Fixing all the instances where *warn-on-reflection* complained improved the performance of clj-starcraft from ten minutes down to about three and half.

Coerce your numbers

Clojure can use Java’s primitive types. Whenever you are in a tight loop, strongly consider coercing your values to primitive types to get the most speed out of your code. The primitive types section of the Clojure website shows an example of the speed-up and how to do the coercion.

Use binary arithmetic operators

For a while now, Clojure has supported inlining of certain expressions. For arithmetic operations, only the calls with exactly two arguments will be inlined. If you find yourself doing arithmetic in a tight loop with more than two operands, you may want to consider rewriting the code so that every operator has exactly two operands. The following micro-benchmark shows the effect of inlining.

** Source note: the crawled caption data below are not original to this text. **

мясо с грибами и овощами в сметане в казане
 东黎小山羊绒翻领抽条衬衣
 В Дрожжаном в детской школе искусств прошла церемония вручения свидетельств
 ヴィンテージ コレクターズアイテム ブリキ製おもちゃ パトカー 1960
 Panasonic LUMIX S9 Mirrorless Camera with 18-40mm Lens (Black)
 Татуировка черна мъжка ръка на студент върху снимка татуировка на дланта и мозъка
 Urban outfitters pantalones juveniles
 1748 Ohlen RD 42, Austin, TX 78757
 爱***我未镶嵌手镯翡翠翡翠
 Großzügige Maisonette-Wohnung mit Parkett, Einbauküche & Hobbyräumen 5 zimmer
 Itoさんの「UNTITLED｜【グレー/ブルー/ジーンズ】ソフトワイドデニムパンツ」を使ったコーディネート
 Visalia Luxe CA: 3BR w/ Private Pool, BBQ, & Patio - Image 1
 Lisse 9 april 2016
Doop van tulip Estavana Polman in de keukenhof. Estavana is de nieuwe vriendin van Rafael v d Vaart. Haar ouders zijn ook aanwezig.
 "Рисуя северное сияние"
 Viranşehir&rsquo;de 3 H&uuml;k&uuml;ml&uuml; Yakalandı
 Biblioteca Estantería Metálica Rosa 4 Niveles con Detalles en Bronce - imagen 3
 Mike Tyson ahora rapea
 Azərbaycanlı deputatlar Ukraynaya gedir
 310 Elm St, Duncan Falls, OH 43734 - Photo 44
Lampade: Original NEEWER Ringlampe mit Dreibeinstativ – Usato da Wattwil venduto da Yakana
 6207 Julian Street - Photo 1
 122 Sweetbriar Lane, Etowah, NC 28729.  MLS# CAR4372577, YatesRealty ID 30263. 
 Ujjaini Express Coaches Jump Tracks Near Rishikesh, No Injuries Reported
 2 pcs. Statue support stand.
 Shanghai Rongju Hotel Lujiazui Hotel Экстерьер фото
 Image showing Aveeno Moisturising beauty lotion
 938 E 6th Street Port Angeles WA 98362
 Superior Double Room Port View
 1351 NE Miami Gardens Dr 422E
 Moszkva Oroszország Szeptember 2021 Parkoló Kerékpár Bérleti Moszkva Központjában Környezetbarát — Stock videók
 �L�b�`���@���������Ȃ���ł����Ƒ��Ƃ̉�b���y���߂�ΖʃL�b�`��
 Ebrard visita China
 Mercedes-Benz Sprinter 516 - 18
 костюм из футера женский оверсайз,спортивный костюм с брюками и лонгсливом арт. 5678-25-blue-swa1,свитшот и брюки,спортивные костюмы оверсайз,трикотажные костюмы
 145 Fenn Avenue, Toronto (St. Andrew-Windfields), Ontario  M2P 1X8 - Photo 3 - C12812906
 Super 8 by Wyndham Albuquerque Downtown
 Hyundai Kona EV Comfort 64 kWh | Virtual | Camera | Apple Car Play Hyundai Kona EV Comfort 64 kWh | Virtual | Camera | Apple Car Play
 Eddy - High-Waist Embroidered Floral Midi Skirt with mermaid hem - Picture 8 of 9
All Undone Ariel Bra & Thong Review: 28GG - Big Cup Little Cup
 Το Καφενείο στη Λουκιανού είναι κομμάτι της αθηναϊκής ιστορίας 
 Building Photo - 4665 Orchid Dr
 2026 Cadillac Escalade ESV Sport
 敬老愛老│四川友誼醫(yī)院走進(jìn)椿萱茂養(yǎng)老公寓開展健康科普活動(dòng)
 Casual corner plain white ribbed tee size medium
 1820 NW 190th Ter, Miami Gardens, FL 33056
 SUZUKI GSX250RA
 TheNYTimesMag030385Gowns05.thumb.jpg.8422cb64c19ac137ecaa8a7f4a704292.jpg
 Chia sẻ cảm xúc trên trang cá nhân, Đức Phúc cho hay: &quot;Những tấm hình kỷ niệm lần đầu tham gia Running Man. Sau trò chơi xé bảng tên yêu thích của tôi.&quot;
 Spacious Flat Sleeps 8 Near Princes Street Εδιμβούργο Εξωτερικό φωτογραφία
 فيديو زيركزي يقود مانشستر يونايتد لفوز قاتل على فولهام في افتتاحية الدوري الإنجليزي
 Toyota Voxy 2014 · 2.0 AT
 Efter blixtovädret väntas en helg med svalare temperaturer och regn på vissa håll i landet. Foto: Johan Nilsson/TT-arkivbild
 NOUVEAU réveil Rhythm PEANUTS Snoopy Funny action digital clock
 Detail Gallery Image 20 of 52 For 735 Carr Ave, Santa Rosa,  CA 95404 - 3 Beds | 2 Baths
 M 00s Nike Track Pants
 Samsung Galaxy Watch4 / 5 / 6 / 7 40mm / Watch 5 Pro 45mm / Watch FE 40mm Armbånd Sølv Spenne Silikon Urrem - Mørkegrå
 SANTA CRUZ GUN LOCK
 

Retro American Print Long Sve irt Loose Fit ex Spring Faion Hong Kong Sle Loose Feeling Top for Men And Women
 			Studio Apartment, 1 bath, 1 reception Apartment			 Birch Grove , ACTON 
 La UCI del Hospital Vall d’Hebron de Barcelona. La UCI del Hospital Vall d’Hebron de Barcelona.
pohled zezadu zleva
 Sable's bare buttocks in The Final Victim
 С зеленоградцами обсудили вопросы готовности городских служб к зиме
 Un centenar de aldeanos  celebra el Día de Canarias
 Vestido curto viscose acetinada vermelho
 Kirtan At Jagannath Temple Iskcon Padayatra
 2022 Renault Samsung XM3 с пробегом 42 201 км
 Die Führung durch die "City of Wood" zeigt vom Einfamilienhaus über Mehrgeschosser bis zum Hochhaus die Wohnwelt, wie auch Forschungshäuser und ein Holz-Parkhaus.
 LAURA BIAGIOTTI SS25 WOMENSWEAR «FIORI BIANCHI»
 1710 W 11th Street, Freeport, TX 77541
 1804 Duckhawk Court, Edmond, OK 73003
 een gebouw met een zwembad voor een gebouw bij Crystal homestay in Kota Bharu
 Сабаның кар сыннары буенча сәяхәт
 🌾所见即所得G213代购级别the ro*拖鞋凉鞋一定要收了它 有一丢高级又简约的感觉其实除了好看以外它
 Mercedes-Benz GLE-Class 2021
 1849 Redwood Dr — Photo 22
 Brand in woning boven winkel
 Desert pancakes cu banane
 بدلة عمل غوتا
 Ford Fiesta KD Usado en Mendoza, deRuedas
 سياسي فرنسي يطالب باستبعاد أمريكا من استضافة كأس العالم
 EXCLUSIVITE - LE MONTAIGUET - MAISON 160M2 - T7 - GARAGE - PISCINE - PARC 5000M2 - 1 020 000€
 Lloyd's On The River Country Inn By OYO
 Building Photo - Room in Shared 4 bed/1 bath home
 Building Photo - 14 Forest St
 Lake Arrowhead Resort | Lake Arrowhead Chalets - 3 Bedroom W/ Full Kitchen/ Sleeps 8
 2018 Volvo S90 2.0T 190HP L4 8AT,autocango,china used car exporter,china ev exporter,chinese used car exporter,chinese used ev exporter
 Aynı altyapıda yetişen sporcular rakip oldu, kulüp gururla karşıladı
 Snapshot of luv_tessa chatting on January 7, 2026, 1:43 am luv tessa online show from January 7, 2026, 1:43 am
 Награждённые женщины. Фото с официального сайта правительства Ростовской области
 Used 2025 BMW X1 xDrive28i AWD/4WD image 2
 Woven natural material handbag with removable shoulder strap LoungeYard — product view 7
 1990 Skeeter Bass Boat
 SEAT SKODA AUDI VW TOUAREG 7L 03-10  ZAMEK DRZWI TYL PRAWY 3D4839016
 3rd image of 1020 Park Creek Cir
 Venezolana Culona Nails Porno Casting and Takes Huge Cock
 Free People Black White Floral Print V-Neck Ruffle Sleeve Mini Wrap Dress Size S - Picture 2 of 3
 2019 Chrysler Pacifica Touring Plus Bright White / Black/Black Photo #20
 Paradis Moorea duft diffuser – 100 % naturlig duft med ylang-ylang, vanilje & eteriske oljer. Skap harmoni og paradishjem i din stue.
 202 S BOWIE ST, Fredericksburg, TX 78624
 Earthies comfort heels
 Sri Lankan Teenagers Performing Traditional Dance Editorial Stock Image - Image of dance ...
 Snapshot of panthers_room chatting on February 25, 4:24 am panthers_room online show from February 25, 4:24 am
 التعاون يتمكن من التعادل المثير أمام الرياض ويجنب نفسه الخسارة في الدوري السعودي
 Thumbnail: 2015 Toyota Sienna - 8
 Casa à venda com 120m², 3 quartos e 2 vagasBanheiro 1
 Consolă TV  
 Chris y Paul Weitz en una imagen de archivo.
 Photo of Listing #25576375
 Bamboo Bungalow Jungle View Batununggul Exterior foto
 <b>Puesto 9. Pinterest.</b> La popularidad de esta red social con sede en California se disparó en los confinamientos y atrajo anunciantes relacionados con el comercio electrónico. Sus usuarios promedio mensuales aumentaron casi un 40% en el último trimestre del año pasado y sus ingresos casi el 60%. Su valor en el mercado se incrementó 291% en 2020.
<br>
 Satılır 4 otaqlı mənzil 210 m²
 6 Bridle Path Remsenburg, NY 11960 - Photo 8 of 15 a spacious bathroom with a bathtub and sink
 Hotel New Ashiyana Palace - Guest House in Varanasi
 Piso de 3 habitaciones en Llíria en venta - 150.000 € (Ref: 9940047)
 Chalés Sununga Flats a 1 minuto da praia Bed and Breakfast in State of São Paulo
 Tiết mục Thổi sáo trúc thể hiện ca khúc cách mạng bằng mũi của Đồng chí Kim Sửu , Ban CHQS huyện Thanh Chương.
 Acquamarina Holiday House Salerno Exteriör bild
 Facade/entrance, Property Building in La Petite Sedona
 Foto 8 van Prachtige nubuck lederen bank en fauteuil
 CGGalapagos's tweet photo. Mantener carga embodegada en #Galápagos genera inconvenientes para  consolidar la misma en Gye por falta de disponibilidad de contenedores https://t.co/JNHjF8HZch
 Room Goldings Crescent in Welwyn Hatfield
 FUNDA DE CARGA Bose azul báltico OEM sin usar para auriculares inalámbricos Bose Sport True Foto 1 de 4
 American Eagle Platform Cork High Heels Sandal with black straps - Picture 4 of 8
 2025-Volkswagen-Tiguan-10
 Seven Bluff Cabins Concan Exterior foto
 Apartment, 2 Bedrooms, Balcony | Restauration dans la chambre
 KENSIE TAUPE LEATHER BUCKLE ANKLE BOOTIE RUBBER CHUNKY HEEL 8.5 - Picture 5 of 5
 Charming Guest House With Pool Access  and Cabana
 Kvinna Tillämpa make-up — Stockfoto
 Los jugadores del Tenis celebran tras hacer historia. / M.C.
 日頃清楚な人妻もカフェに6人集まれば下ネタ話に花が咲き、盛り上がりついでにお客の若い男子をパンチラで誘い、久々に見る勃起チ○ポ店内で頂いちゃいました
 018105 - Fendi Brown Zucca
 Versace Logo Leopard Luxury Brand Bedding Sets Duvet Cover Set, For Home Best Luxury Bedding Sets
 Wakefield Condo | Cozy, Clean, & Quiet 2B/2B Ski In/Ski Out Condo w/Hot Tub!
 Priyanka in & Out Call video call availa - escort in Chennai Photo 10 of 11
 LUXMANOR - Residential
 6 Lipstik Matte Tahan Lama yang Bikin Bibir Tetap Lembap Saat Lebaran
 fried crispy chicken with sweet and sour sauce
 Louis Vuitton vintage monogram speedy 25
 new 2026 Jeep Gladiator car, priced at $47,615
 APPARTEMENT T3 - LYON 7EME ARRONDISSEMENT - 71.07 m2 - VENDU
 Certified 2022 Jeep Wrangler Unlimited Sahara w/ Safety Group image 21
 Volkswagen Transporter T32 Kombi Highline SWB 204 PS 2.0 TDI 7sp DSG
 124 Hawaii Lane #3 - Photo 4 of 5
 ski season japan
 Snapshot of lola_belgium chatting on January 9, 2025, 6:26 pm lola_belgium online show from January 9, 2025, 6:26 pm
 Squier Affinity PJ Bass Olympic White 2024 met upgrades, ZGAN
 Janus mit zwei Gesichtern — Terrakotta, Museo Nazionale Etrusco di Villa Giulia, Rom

user> (time (dotimes [_ 1e7] (+ 2 4 5)))
"Elapsed time: 1200.703487 msecs"

user> (time (dotimes [_ 1e7] (+ 2 (+ 4 5))))
"Elapsed time: 241.716554 msecs"

Use == instead of =

Using == to compare numbers instead of = can have an appreciable performance impact:

user> (time (dotimes [i 1e7] (= i i)))
"Elapsed time: 230.797482 msecs"

user> (time (dotimes [i 1e7] (== i i)))
"Elapsed time: 5.143681 msecs"

Avoid using destructuring binding for vectors

In a tight loop, if you want to assign the values inside a vector to names to improve readability, consider using direct indexing instead of destructuring binding. Although the later will yield clearer code, it will also be slower.

user> (let [v [1 2 3]]
        (time
         (dotimes [_ 1e7]
           (let [[a b c] v]
             a b c))))
"Elapsed time: 537.239895 msecs"

user> (let [v [1 2 3]]
        (time
         (dotimes [_ 1e7]
           (let [a (v 0)
                 b (v 1)
                 c (v 2)]
             a b c))))
"Elapsed time: 12.072122 msecs"

Prefer locals to vars

If you need to lookup a value inside a tight loop, you may want to consider using a local variable (defined with let) instead of a Var. Let’s look at another timing comparison:

user> (time
       (do
         (def x 1)
         (dotimes [_ 1e8]
           x)))
"Elapsed time: 372.373304 msecs"

user> (time
       (let [x 1]
         (dotimes [_ 1e8]
           x)))
"Elapsed time: 3.479041 msecs"

If you think that using a local variable would help performance, consider the following idiom to avoid breaking other code that may depend on that Var:

(let [local-x x]
  (defn my-fn [a b c]
    ...))

Use the profilers

Sun’s JVM has two profilers, -Xprof and -Xrunhprof. Use them to find your bottlenecks instead of blindly guessing.

Caveat

Do note that many of these performance tricks improve the performance by a few hundred milliseconds over millions of executions. Unless they give you a significant performance boost, you may want to avoid using them if they make your code less clear.